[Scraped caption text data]

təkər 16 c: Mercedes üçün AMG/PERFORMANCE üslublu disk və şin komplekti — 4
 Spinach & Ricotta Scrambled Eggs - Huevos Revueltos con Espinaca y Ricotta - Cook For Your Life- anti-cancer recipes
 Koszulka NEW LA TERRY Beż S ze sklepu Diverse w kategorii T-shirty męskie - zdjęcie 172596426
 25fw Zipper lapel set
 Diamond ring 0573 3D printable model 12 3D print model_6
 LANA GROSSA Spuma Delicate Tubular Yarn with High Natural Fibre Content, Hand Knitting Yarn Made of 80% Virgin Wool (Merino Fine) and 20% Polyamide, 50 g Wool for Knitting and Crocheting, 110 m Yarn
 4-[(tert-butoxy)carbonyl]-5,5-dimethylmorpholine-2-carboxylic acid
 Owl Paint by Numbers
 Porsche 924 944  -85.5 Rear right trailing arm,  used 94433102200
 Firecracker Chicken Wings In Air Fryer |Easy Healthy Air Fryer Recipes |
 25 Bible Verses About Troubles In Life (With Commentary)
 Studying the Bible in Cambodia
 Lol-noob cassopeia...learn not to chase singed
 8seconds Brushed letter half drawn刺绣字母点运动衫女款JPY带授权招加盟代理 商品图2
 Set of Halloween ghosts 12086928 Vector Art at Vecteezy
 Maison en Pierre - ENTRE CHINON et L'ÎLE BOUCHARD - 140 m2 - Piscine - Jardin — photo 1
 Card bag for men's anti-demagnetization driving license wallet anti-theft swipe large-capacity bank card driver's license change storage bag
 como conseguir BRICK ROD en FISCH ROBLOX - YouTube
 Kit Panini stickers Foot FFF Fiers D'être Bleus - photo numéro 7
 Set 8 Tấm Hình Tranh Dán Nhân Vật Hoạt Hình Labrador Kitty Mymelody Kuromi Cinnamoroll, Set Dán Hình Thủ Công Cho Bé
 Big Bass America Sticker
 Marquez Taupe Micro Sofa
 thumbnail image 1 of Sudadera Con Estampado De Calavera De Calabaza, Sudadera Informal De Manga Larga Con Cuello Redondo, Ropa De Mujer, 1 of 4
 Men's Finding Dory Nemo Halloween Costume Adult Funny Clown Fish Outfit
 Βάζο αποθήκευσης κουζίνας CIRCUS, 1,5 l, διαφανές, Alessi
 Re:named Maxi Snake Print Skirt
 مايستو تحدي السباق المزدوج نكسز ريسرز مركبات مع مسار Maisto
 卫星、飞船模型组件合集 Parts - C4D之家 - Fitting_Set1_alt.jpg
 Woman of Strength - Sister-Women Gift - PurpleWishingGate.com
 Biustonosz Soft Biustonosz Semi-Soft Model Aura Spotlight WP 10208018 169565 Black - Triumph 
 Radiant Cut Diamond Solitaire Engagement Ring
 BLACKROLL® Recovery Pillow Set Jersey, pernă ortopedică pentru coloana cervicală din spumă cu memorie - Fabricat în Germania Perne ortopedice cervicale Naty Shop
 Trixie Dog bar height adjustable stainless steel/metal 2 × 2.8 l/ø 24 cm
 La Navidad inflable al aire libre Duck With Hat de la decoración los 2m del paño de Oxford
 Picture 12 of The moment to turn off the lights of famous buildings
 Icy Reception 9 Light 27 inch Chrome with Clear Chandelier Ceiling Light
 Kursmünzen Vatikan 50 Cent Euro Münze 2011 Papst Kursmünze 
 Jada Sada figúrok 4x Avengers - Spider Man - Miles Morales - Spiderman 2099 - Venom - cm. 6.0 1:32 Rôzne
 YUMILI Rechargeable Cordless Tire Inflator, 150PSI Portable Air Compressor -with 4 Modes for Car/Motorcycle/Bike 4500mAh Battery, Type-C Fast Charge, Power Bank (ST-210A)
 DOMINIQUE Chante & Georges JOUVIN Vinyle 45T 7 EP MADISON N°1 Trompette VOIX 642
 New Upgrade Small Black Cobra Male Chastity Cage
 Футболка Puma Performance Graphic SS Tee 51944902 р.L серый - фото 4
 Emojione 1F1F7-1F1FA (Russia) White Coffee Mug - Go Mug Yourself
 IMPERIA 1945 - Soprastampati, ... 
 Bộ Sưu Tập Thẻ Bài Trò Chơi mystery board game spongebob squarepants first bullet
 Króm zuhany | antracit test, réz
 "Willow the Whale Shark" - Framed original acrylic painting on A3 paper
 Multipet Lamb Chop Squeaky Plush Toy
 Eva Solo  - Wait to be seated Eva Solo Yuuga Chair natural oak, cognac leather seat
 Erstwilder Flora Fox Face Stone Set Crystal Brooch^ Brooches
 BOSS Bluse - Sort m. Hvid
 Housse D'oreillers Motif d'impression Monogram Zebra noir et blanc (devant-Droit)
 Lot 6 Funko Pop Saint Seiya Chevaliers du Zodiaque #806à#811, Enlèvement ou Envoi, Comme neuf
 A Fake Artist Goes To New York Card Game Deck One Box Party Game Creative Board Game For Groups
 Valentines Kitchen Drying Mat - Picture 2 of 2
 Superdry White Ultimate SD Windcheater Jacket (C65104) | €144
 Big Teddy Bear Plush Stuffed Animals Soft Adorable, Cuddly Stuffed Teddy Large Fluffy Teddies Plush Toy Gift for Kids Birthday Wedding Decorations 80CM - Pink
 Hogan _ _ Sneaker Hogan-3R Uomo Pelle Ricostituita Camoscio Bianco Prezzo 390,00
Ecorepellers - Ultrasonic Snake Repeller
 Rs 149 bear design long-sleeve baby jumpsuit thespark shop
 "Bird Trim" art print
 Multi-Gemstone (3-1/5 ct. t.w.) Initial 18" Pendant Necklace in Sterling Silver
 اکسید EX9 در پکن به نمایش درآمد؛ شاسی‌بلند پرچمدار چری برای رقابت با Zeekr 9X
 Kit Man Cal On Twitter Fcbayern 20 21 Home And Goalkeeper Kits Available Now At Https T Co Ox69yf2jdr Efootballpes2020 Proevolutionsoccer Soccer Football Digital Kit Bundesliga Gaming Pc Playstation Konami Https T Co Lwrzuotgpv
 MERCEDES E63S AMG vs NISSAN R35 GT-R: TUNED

[Directions] Every record above must be printed again exactly as it stands.

[Problem solution]
təkər 16 c: Mercedes üçün AMG/PERFORMANCE üslublu disk və şin komplekti — 4
 Spinach & Ricotta Scrambled Eggs - Huevos Revueltos con Espinaca y Ricotta - Cook For Your Life- anti-cancer recipes
 Koszulka NEW LA TERRY Beż S ze sklepu Diverse w kategorii T-shirty męskie - zdjęcie 172596426
 25fw Zipper lapel set
 Diamond ring 0573 3D printable model 12 3D print model_6
 LANA GROSSA Spuma Delicate Tubular Yarn with High Natural Fibre Content, Hand Knitting Yarn Made of 80% Virgin Wool (Merino Fine) and 20% Polyamide, 50 g Wool for Knitting and Crocheting, 110 m Yarn
 4-[(tert-butoxy)carbonyl]-5,5-dimethylmorpholine-2-carboxylic acid
 Owl Paint by Numbers
 Porsche 924 944  -85.5 Rear right trailing arm,  used 94433102200
 Firecracker Chicken Wings In Air Fryer |Easy Healthy Air Fryer Recipes |
 25 Bible Verses About Troubles In Life (With Commentary)
 Studying the Bible in Cambodia
 Lol-noob cassopeia...learn not to chase singed
 8seconds Brushed letter half drawn刺绣字母点运动衫女款JPY带授权招加盟代理 商品图2
 Set of Halloween ghosts 12086928 Vector Art at Vecteezy
 Maison en Pierre - ENTRE CHINON et L'ÎLE BOUCHARD - 140 m2 - Piscine - Jardin — photo 1
 Card bag for men's anti-demagnetization driving license wallet anti-theft swipe large-capacity bank card driver's license change storage bag
 como conseguir BRICK ROD en FISCH ROBLOX - YouTube
 Kit Panini stickers Foot FFF Fiers D'être Bleus - photo numéro 7
 Set 8 Tấm Hình Tranh Dán Nhân Vật Hoạt Hình Labrador Kitty Mymelody Kuromi Cinnamoroll, Set Dán Hình Thủ Công Cho Bé
 Big Bass America Sticker
 Marquez Taupe Micro Sofa
 thumbnail image 1 of Sudadera Con Estampado De Calavera De Calabaza, Sudadera Informal De Manga Larga Con Cuello Redondo, Ropa De Mujer, 1 of 4
 Men's Finding Dory Nemo Halloween Costume Adult Funny Clown Fish Outfit
 Βάζο αποθήκευσης κουζίνας CIRCUS, 1,5 l, διαφανές, Alessi
 Re:named Maxi Snake Print Skirt
 مايستو تحدي السباق المزدوج نكسز ريسرز مركبات مع مسار Maisto
 卫星、飞船模型组件合集 Parts - C4D之家 - Fitting_Set1_alt.jpg
 Woman of Strength - Sister-Women Gift - PurpleWishingGate.com
 Biustonosz Soft Biustonosz Semi-Soft Model Aura Spotlight WP 10208018 169565 Black - Triumph 
 Radiant Cut Diamond Solitaire Engagement Ring
 BLACKROLL® Recovery Pillow Set Jersey, pernă ortopedică pentru coloana cervicală din spumă cu memorie - Fabricat în Germania Perne ortopedice cervicale Naty Shop
 Trixie Dog bar height adjustable stainless steel/metal 2 × 2.8 l/ø 24 cm
 La Navidad inflable al aire libre Duck With Hat de la decoración los 2m del paño de Oxford
 Picture 12 of The moment to turn off the lights of famous buildings
 Icy Reception 9 Light 27 inch Chrome with Clear Chandelier Ceiling Light
 Kursmünzen Vatikan 50 Cent Euro Münze 2011 Papst Kursmünze 
 Jada Sada figúrok 4x Avengers - Spider Man - Miles Morales - Spiderman 2099 - Venom - cm. 6.0 1:32 Rôzne
 YUMILI Rechargeable Cordless Tire Inflator, 150PSI Portable Air Compressor -with 4 Modes for Car/Motorcycle/Bike 4500mAh Battery, Type-C Fast Charge, Power Bank (ST-210A)
 DOMINIQUE Chante & Georges JOUVIN Vinyle 45T 7 EP MADISON N°1 Trompette VOIX 642
 New Upgrade Small Black Cobra Male Chastity Cage
 Футболка Puma Performance Graphic SS Tee 51944902 р.L серый - фото 4
 Emojione 1F1F7-1F1FA (Russia) White Coffee Mug - Go Mug Yourself
 IMPERIA 1945 - Soprastampati, ... 
 Bộ Sưu Tập Thẻ Bài Trò Chơi mystery board game spongebob squarepants first bullet
 Króm zuhany | antracit test, réz
 "Willow the Whale Shark" - Framed original acrylic painting on A3 paper
 Multipet Lamb Chop Squeaky Plush Toy
 Eva Solo  - Wait to be seated Eva Solo Yuuga Chair natural oak, cognac leather seat
 Erstwilder Flora Fox Face Stone Set Crystal Brooch^ Brooches
 BOSS Bluse - Sort m. Hvid
 Housse D'oreillers Motif d'impression Monogram Zebra noir et blanc (devant-Droit)
 Lot 6 Funko Pop Saint Seiya Chevaliers du Zodiaque #806à#811, Enlèvement ou Envoi, Comme neuf
 A Fake Artist Goes To New York Card Game Deck One Box Party Game Creative Board Game For Groups
 Valentines Kitchen Drying Mat - Picture 2 of 2
 Superdry White Ultimate SD Windcheater Jacket (C65104) | €144
 Big Teddy Bear Plush Stuffed Animals Soft Adorable, Cuddly Stuffed Teddy Large Fluffy Teddies Plush Toy Gift for Kids Birthday Wedding Decorations 80CM - Pink
 Hogan _ _ Sneaker Hogan-3R Uomo Pelle Ricostituita Camoscio Bianco Prezzo 390,00
Ecorepellers - Ultrasonic Snake Repeller
 Rs 149 bear design long-sleeve baby jumpsuit thespark shop
 "Bird Trim" art print
 Multi-Gemstone (3-1/5 ct. t.w.) Initial 18" Pendant Necklace in Sterling Silver
 اکسید EX9 در پکن به نمایش درآمد؛ شاسی‌بلند پرچمدار چری برای رقابت با Zeekr 9X
 Kit Man Cal On Twitter Fcbayern 20 21 Home And Goalkeeper Kits Available Now At Https T Co Ox69yf2jdr Efootballpes2020 Proevolutionsoccer Soccer Football Digital Kit Bundesliga Gaming Pc Playstation Konami Https T Co Lwrzuotgpv
 MERCEDES E63S AMG vs NISSAN R35 GT-R: TUNED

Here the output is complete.